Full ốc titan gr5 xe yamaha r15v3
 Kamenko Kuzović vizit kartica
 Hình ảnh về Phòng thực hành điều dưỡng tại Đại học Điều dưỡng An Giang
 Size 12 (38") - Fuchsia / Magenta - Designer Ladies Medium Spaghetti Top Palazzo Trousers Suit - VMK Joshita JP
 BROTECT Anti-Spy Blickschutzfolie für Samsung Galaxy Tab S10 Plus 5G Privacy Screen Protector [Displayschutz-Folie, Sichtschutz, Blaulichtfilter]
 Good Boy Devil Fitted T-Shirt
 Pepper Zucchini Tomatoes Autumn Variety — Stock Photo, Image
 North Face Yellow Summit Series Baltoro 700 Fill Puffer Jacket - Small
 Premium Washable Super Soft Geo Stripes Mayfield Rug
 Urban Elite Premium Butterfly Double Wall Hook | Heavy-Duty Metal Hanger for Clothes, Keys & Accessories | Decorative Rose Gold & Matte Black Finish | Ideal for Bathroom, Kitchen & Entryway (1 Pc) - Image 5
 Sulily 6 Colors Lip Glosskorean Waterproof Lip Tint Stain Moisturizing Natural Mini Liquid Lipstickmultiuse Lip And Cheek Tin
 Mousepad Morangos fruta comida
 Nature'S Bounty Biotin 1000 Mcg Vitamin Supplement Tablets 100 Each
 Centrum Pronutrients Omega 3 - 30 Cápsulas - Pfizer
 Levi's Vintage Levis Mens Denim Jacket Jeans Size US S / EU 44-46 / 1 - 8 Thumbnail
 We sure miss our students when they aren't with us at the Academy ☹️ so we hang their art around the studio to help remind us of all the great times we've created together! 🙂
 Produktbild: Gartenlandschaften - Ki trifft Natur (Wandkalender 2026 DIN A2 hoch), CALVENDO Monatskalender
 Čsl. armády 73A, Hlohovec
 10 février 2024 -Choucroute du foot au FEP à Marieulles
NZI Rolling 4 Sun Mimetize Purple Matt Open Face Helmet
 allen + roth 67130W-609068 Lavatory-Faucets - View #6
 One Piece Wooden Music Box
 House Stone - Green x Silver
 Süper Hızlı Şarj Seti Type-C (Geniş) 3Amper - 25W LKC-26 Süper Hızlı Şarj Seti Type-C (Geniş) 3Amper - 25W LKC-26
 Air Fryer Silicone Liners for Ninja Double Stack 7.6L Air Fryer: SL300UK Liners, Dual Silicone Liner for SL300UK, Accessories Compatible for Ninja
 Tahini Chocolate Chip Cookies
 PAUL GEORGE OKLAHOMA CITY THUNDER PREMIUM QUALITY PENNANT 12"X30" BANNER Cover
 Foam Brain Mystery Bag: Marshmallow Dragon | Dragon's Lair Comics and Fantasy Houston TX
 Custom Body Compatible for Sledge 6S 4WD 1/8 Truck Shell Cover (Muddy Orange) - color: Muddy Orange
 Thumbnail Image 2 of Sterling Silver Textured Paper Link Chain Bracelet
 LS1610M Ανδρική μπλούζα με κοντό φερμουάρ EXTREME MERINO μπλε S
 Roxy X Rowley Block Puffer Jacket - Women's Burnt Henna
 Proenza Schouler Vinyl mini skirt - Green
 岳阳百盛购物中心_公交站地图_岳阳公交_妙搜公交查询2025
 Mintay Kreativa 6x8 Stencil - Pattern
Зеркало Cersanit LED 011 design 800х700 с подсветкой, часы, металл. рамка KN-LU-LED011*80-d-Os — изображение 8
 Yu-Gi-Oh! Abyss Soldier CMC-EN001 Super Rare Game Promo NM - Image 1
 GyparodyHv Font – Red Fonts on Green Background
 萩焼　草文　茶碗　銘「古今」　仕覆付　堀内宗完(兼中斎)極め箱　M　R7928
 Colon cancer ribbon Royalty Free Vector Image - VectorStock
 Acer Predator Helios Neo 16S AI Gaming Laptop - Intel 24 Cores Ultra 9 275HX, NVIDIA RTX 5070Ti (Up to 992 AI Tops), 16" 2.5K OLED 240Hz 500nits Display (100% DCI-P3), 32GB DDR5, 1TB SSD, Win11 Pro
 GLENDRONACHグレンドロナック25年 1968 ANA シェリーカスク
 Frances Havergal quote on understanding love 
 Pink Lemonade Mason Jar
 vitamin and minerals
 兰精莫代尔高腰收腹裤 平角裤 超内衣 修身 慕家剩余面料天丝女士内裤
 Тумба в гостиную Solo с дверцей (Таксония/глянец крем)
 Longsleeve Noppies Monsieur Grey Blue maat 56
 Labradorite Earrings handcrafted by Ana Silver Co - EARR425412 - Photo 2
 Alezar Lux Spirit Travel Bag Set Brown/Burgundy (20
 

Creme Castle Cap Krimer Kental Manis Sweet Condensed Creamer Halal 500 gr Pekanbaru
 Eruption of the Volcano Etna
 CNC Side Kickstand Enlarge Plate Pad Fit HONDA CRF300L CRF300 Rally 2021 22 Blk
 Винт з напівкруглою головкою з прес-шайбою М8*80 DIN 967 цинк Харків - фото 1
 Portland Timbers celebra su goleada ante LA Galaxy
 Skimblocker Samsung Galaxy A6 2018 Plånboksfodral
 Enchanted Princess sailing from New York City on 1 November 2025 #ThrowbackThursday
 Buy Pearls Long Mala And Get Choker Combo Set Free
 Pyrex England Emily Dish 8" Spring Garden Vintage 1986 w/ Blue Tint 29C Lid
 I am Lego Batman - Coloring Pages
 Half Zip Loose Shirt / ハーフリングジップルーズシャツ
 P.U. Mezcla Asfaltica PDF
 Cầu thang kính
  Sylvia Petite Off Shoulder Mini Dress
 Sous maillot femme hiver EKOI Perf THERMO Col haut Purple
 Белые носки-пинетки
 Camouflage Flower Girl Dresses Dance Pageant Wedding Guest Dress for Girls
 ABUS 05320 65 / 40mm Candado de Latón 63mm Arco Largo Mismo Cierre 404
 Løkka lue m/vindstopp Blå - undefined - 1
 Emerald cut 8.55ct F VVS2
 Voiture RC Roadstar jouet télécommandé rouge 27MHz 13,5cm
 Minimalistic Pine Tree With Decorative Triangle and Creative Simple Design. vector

_ _ _

Work to be completed:
An exact copy of the lines above, from the one containing "CNC Side Kickstand" through the one containing "Enchanted Princess sailing", is the whole of the answer.

Your solution:
 CNC Side Kickstand Enlarge Plate Pad Fit HONDA CRF300L CRF300 Rally 2021 22 Blk
 Винт з напівкруглою головкою з прес-шайбою М8*80 DIN 967 цинк Харків - фото 1
 Portland Timbers celebra su goleada ante LA Galaxy
 Skimblocker Samsung Galaxy A6 2018 Plånboksfodral
 Enchanted Princess sailing from New York City on 1 November 2025 #ThrowbackThursday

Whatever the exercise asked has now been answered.